Spending by European and U.S. hedge fund management firms (buy side companies) on front office market data infrastructure is set to reach US$484 million by 2009. Expenditure by investments banks (sell side firms) will spike to US$1.9 billion during the same period, Shah said.

Although the report covered only U.S. and European markets, Shah said results also reflect industry realities in Canada. “Since the U.S. is a very close trading partner Canada, firms in the country should monitor and learn from any trends and market changes happening south of the border.”

Data volume in the industry almost doubles in size every year world wide, according to one Canadian technology analyst.

Market data volume is growing in excess of 40 per cent each year said George Goodall, senior research analyst for Info-Tech Research Group, in London, Ont.
“Data is doubling every 2.4 years. Storage has to keep pace, but providers also need to keep the rate of storage price down,” Goodall said.

One of the factors fueling market data growth, Shah said, is the increasing need of institutions to comply with rules set up by various regulatory bodies.

For instance, he said, upcoming directives such as Regulation National Market Systems (Reg NMS) promulgated by the U.S. Security and Exchange Commission and the Markets in Financial Instruments Directive (MiFiD) in Europe will require firms to store data for up to a period of five years for accountability and investigation purposes.

Goodall said stored data is not limited to transaction information.
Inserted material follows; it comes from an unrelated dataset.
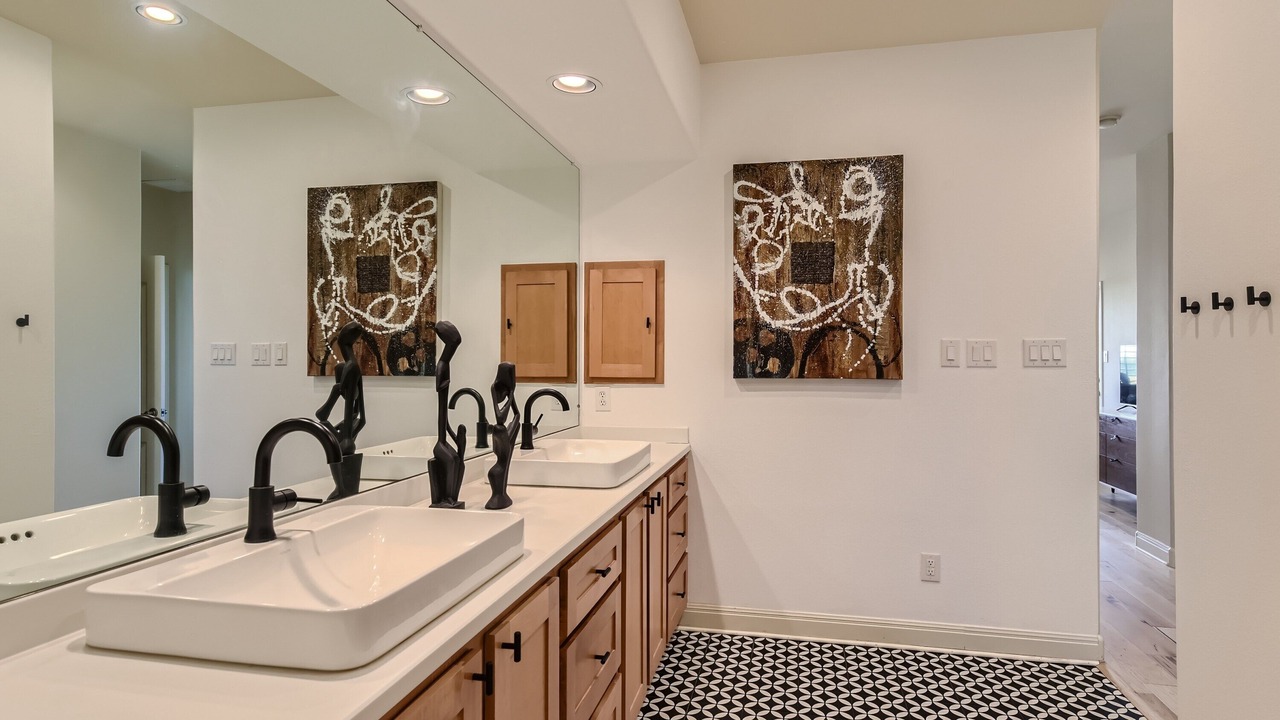 Photo of Bathroom in Lakecliff On Lake Travis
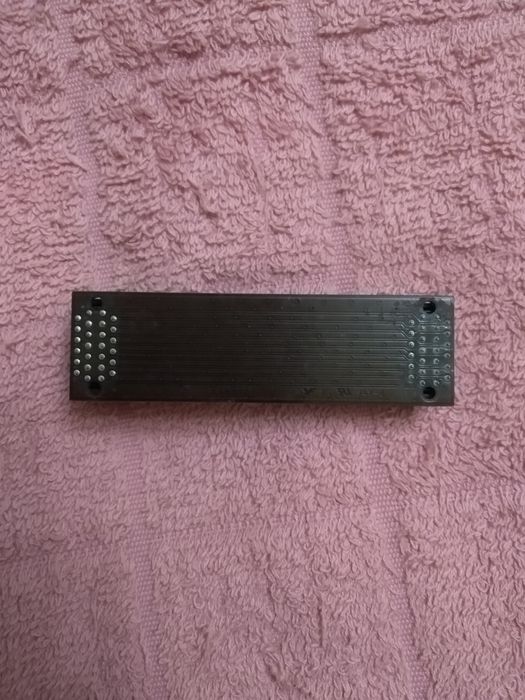 Гибкий мост SLI для видеокарт.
Increasingly electronic correspondence between financial firms and their clients are also being kept in storage. “In the past e-mails and unstructured communications were viewed as letters which were not necessarily critical in investigations. Today they are viewed as possible evidence in case of litigation.”

 Data growth is also pushed to extreme levels by automation and the increasing use of algorithmic trading.
Algorithmic trading is the use of advanced mathematical models to aid transaction decisions in financial markets. Experiencing a steady popularity in the U.S. and other regions, the method has made it easier and faster to execute a greater volume of transactions.

Electronic options, auto-quoting, program trading and even involvement of some banks in so called “off-book” trading (moving shares they are holding for customers who want to buy and sell without going through the exchanges) also contribute to the volume.

So what sort of technology with financial firms be considering in the near future?

Goodall foresees a move towards “larger and faster” storage and improved information life cycle management tools.

Vendors will continue to explore different approaches such as storage networks and virtualization to handle data.

“Data back-up will become critical for regulatory and business resumption plan purposes.”

He said systems that can provide flexibility and intelligence in setting auto back-up policies and metrics will be in demand.

These tools will need to enable users to set recovery point objectives (at which point of an operation will data be backed up) and recovery time objectives (the speed it takes for the system to make the backed-up data available for use).

When deploying data management systems, Shah said, organizations must consider interoperability with existing systems. “When firms have invested heavily on a legacy infrastructure, reusability becomes an issue.

“Investigate if it’s possible to update or ramp up rather than overhaul,” he said.

Some organizations might decide to outsource its data storage and management operations. Shah said these companies must take pains to ensure that their outsourcer is compliant with existing regulations.